Sunday, 30 August 2009

What Makes a Successful Real Estate Investor?

By Julie Broad

Remember that book by Stephen Covey that was printed in 1989, Seven Habits of Highly Effective People? In it's day it was a best seller, and even now it's still great advice. I found my old copy on my shelf the other day and I started to wonder... what would the seven habits of a successful real estate investor be?

After some thought, I realized that a successful real estate investor is not a special breed; I personally believe that anyone could become one if they really wanted to. However, they would need to practice these seven habits:

Habit One: Know Your Goals

The majority of the real estate investors I know set out with a goal in mind. I know a man that started investing by selling his house to buy two lots, on which he built a townhouse complex that had 8 units. Since then, he has started his own company and is building and selling hundreds of homes in Toronto every year. So, in this case, it shows how some goals may be simple, but can lead to much bigger things. Or, if goals are large they should be broken down into numerous shorter term goals.

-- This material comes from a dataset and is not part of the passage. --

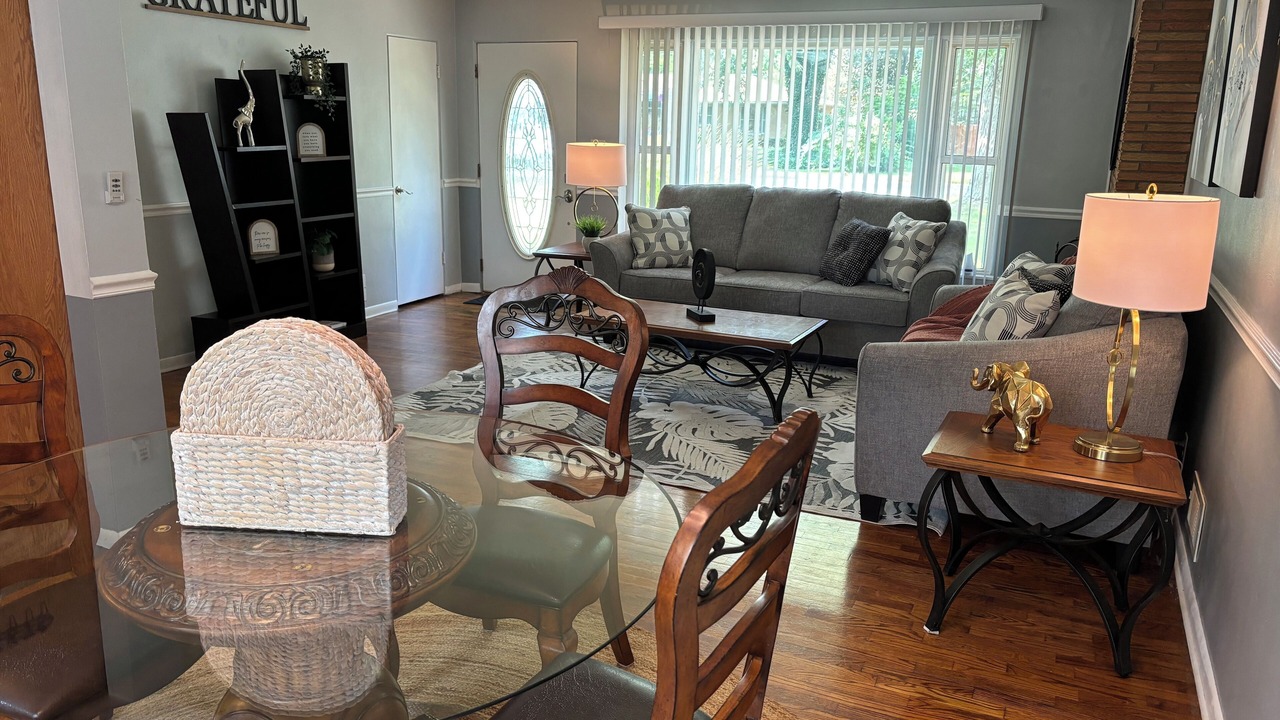 Photo of Livingroom in Fair Plain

Habit Two: Make Your Money when you Buy

You should never pay over market value for a property just because you think that the area will improve in the future, thereby increasing the value of your property and allowing you to charge higher rent. The best formula for success in the long run when it comes to real estate investing is to purchase a property below market value in an area that has loads of potential for future growth.

Habit Three: Hire Help

Unless you plan to handle everything involved with the ongoing maintenance of a property, you should plan to hire a property manager. You may also want to hire an accountant to do the bookkeeping and the taxes related to your real estate investments. Additionally, a real estate agent is also someone you will want to find to help you in your ongoing quest to find properties to purchase. It shouldn't be hard to find one that will understand your goals and will work with you to achieve them.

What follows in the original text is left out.